Seit 2000, dem Jahr der medialen Kampfhundehysterie, haben wir kaum eine solch perfide Stimmungsmache gegen Hunde gesehen. Die Methoden erinnern an das dunkelste Kapitel der deutschen Geschichte.
In jener braunen Zeit zeichnetete sich das Wochenblatt “Der Stürmer” durch eine bis dato nicht gekannte rassistische Hetze damals gegen Juden aus.
Während meines Studiums der Psychologie habe ich mich mit dem Thema beschäftigt und gefragt, wie eine solche Hetze überhaupt wirken kann.

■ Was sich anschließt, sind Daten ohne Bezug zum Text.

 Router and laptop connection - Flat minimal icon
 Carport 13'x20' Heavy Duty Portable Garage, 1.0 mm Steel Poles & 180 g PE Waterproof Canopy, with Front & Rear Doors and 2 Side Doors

Die Mechanismen zählen zu denselben, die Bild heute gegen Hunde einsetzt:
Methode Stürmer:
Sich als Anwalt einer angeblichen schweigenden, aber überwältigenden Mehrheit der “Volksgemeinschaft” ausgeben:
Bild:
“Worüber sich 3,36 Millionen Berliner ärgern”
Selbst bei der Umfrage auf der Website der Bild Berlin erklären sich real drei von vier pro Hund.
Methode Stürmer:
Minderheiten isolieren und als Störenfriede der “Volksgemeinschaft” verunglimpfen:
Bild:
“97 Prozent der Berliner, die keinen Hund haben und von Hunden genervt sind”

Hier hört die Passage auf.